Un réseau opaque, des artistes spoliés et des contrats illégaux

Scandale à la 1-54 Marrakech Art Fair

Par Nizar Lasri *

Tout commence lorsqu’un groupe de jeunes artistes marocains est invité à une résidence artistique sous le nom de Alkebulan Gallery & Residency, aussi appelée Spread Museum. Présentée comme une opportunité unique de création, cette résidence leur promet un espace de travail, une exposition et une mise en avant de leur travail, sans but lucratif.

Mais très vite, des zones d’ombre apparaissent. Un contrat leur est imposé, prévoyant une exclusivité sur leurs œuvres et une cession de droits totalement déséquilibrée. Plusieurs artistes s’interrogent sur ces clauses et demandent des explications avant de signer. C’est à ce moment-là que tout bascule.

Menaces, destruction d’œuvres, expulsion forcée en pleine nuit sous la pluie… Les artistes, refusant de céder leurs droits sans garanties claires, sont chassés sans explication. Le plus choquant ? Spread Museum continue de détenir et d’exploiter leurs œuvres pour promouvoir une exposition à laquelle ils n’ont pas consenti. Et ce n’est pas tout.

Un contrat signé par… une entité qui n’existe pas ?!

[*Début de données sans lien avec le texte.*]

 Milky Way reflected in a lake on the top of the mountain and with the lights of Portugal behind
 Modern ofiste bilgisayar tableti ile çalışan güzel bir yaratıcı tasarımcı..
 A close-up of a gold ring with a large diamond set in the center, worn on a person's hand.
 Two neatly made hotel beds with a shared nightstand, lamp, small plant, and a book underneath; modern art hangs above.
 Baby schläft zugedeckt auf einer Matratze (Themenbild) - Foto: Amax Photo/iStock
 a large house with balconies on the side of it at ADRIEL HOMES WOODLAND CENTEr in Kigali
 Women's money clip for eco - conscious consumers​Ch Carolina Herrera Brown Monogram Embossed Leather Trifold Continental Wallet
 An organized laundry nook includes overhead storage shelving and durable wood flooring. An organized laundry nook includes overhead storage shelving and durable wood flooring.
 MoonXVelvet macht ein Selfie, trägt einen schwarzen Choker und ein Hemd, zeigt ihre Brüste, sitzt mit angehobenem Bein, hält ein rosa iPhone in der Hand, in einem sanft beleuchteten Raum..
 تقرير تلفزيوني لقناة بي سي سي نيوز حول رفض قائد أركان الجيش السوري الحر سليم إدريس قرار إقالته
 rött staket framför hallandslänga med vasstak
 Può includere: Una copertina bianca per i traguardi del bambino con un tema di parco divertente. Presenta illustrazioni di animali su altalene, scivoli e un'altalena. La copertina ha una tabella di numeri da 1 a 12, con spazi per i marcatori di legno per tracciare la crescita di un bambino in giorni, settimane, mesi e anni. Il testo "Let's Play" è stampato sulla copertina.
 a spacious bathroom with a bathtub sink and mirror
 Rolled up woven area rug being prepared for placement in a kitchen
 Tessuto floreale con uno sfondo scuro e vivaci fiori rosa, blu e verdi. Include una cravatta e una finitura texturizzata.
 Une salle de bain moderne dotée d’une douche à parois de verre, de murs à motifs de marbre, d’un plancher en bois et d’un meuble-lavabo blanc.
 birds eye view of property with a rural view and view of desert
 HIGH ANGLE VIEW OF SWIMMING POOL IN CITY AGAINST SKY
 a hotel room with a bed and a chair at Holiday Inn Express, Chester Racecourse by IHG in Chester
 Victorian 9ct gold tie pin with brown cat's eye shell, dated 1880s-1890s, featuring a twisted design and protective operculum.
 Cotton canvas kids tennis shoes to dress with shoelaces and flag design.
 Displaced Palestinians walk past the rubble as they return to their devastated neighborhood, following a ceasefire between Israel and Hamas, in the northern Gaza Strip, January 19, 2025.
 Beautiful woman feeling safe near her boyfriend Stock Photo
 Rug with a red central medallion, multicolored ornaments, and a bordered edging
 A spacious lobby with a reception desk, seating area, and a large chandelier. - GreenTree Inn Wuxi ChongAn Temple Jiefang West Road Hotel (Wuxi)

En analysant les documents, une faille monumentale apparaît : Spread Museum n’a aucune existence légale. Ce nom, sous lequel ces contrats ont été rédigés, ne correspond à aucune entité enregistrée. En clair, les artistes ont été invités par une structure fantôme, sans cadre juridique réel.

D’un point de vue purement légal, un contrat doit être signé par des parties juridiquement existantes. Or, ici, ce n’est pas le cas. Ces contrats sont donc nuls et inopposables.

Face à une fraude caractérisée et à des atteintes graves aux droits fondamentaux des artistes, une action en justice a été engagée.  

« Cette affaire révèle une organisation frauduleuse d’une gravité exceptionnelle, reposant sur des manœuvres dolosives, un abus de confiance aggravé et une atteinte manifeste au droit de propriété intellectuelle. Plus encore, les faits relèvent d’une exploitation abusive assimilable à de la traite des êtres humains à des fins de travail forcé, caractérisée par la contrainte morale exercée sur les artistes et leur mise en situation de vulnérabilité. L’élément intentionnel est établi : cette entité, dépourvue d’existence juridique légale, a sciemment orchestré une dépossession systématique et organisé un détournement de créations sous couvert de promesses fallacieuses. Ces infractions, d’une particulière gravité, nécessitent une réponse judiciaire exemplaire. » — Me Rabab Ezzahiri, avocate des artistes.

Un silence troublant et des interpellations politiques

Alors que l’exposition litigieuse figure toujours dans le programme parallèle de la prestigieuse 1-54 Marrakech Art Fair, aucune réaction officielle de la foire n’a été enregistrée.

Face à ce mutisme, la députée Loubna Srhiri (PPS) a saisi le ministre de la Culture, exigeant des explications et des mesures concrètes pour éviter que d’autres artistes ne subissent le même sort.

Renforcement de la protection des artistes

Ce scandale met en lumière un besoin urgent : celui d’un cadre juridique plus strict pour encadrer les résidences artistiques et protéger les artistes contre les abus. Car aujourd’hui, sans cadre légal solide, des structures fictives peuvent opérer en toute impunité.

Mais une chose est sûre : cette affaire ne restera pas sans suite.